"I went for a long holiday for 27 years," Nelson Mandela once said of his years in prison.
It was another example of the dry, razor-sharp and often self-deprecating humour for which South Africa's first black president was famous.
The prison years ended in a cottage he had to himself in the garden of a jail near Cape Town then known as Victor Verster - with TV, radio, newspapers, a swimming pool and any visitors he wanted.
But he was still in prison. And the greatest number of years that he was in prison - 18 out of 27 - were spent on Robben Island, where the contrast could not have been greater.
Banishment
The notorious island, within sight of the city of Cape Town and Table Mountain, acquired its name from the seals that once populated it in multitudes - robben being the Dutch word for seal.

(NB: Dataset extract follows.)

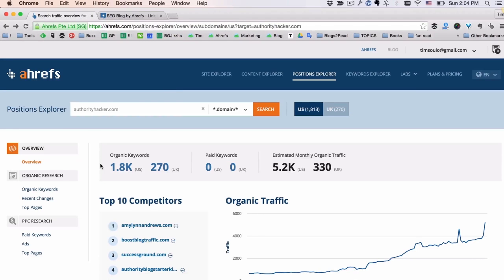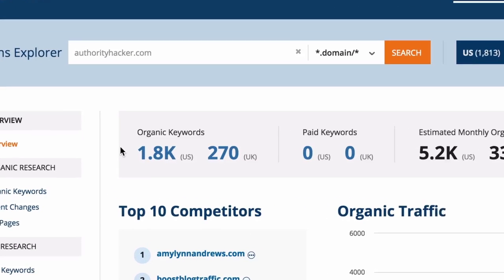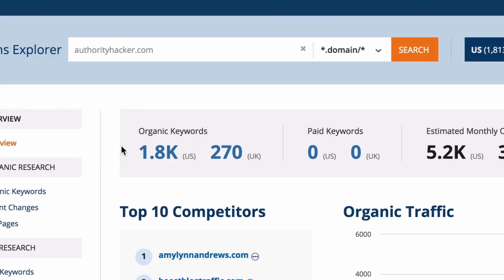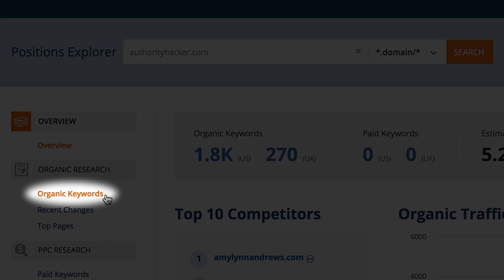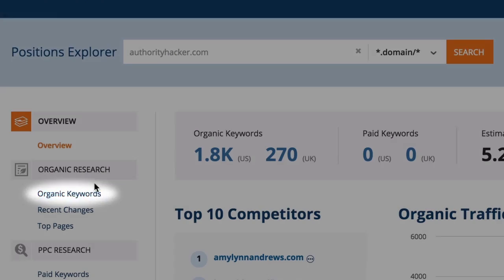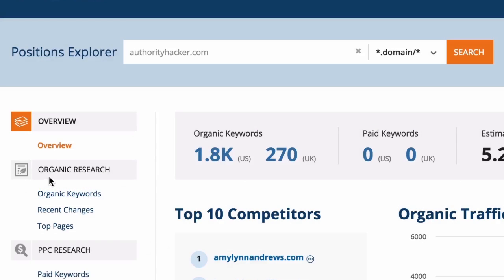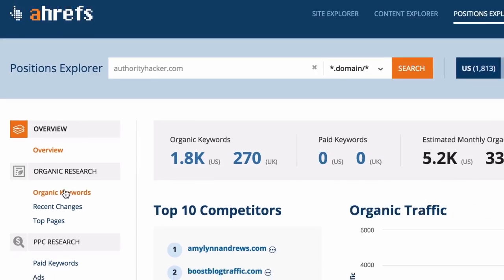As you can see, the Position Explorer tool has found almost 2,000 keywords that this blog is ranking for in the US, and almost 300 keywords that it ranks for in the UK. To see the exact report with the keywords that this blog is ranking for, I go to the Organic Keywords report within the Organic Research section of the menu.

Its three centuries as a prison island and a place of banishment were punctuated by a period as a leper colony.
Nelson Mandela's former cell on Robben Island
A warder's first words when Nelson Mandela and his ANC comrades arrived were: "This is the Island. This is where you will die."
They faced a harsh regime in a new cell block constructed for political prisoners. Each had a single cell some seven foot square around a concrete courtyard, with a slop bucket. To start with, they were allowed no reading materials.
They crushed stones with a hammer to make gravel and were made to work in a blindingly bright quarry digging out the limestone.
Fellow prisoner Walter Sisulu spoke of a day Nelson Mandela's emerging leadership among the inmates was displayed in a rebellion over the quarry: "The prison authorities would rush us…'Hardloop!' That means run. One day they did it with us.
It was Nelson who said: 'Comrades let's be slower than ever.' It was clear therefore that the steps we were taking would make it impossible ever to reach the quarry where we were going to. They were compelled to negotiate with Nelson. That brought about the recognition of his leadership."